Suatu hari  kuputuskan untuk mencari tempat kuliah yang berbasis pesantren. Namun, ternyata keluargaku mengancam takkan membiayai kuliah jika aku memilih pesantren. Aku di landa kebingungan yang sangat kuat. Tak tau langkah apa yang harus ku pilih. Keesokan harinya, pertolongan Allah benar-benar datang. Salah seorang temanku memberitahuku tentang tempat kuliah di Sukabumi bernama Ar-raayah yang berbasis pesantren gratis sepenuhnya dan pengajarnya pun langsung didatangkan dari Kairo. Ini merupakan berita yang sangat bagus untukku. Namun, lagi-lagi kendala yang ku temui masih ada,aku tak mungkin berangkat untuk tes ke Sukabumi tanpa uang sepeserpun. Aku memutuskan untuk menjual laptop pemberian ayahku untuk membeli tiket kereta menuju Sukabumi. Alhamdulillah aku berhasil mnenuju sukabumi, mengikuti tes masuk dan akhirnya dinyatakan LULUS. Ternyata Allah tunjukan tempat untukku menuntut ilmu agama islam.
Tempatku kali ini memang tempat yang selama ini aku inginkan. Disini aku mempelajari berbagai ilmu agama termasuk bahasa arab. Banyak diantara teman-temanku yang mengira bahwa aku sudah mahir dalam bahasa arab. Padahal, jangankan untuk berbahasa arab, untuk menulis bahasa arab yang benar saja sangatlah sulit. Pembelajaran awal tentang menulis kata-kata bahasa arab, aku mendapat nilai 0 alias salah semua.

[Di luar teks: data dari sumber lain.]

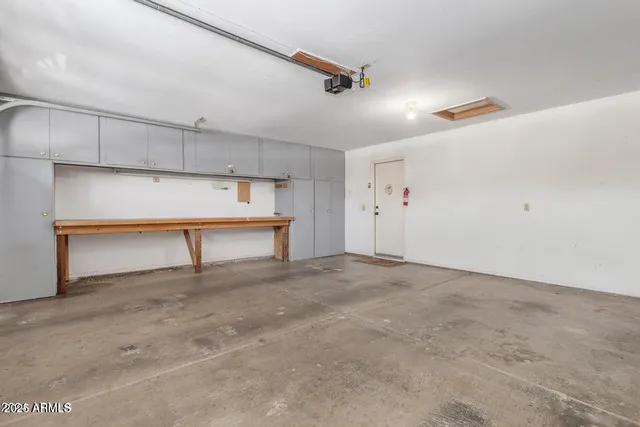 $3,700 | 17602 North 57th Street, Scottsdale, AZ 85254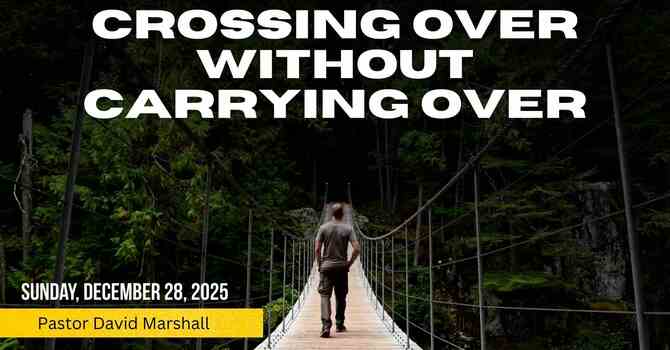 Crossing Over without Carrying Over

Begitupun pembelajaran kedua. Hingga teman-temanku menertawaiku karena tidak bisa menulis dan berbicara bahasa arab. Banyak diantara mereka yang berkata “ masa sih pake cadar ga bisa bahasa arab”, “ ngapain pake kerudung gede sama cadar tapi nulis bahasa arab saja tidak bisa”, “harusnya kamu malu pakai cadar tapi ga bisa bahasa”, dan masih banyak celaan-celaan dari teman-teman. Ku putuskan untuk privat pada salah satu ustadzah (pembimbing) disana. Setiap malam aku datang ke kamarnya untuk belajar menulis bahasa arab yang akan diucapkannya. Hari pertama aku belajar, hasilnya salah semua, hingga hari ke 15, aku mulai lancar dalam menulis bahasa arab. Nilai penulisan bahasa arab di kelas ku juga mulai membaik. Begitulah aku terus berjuang untuk belajar bahasa arab dan mendalami ajaran agama islam di tempat ini.
2 tahun kemudian....
Pendidikanku di tempat ini sudah berlangsung 2 tahun, berbagai rintangan aku lalui dengan kesabaran dan ketekunan. Aku berusaha untuk terus belajar untuk bertahan di tempat ini. Karena jika nilaiku menurun, konsekuensinya adalah keluar dari tempat ini. Pada tahun kedua, aku memutuskan untuk meneruskan kuliah di tempat lain, yakni di jakarta. Salah satu tempat kuliah yang hampir sama dengan Ar-raayah namun ini diskhususkan di bidang dakwah. 2 tahun lamanya,akhirnya aku dapat menuntaskan tugas akhir berupa skripsi dan sidang. Tibalah hari yang ia tunggu-tunggu, prosesi wisuda yang tanpa ia duga menjadi lebih special dari yang ia duga. Kedua orang tuaku datang menyaksikan prosesi wisudaku hingga akhir. Dan ucapan yang tak terduga pula keluar dari mulut seorang ayah yang amat aku cinta,
 “ maafkan ayah nak, semula ayah tidak yakin engkau bisa menempuh pendidikan di jalur pesantren dan mendalami ilmu agama seperti ini. Namun, semua ini adalah bukti keberhasilan anak ayah yang sangat ayah cintai. Berdakwahlah di jalan Allah nak, teruslah jadi anak yang berbakti pada Allah dan orang tua mu” Ucapan sang ayah terasa bergetar dengan tetesan-tetesan air mata kebanggaan melihat keberhasilan putrinya yang sangat ia cintai.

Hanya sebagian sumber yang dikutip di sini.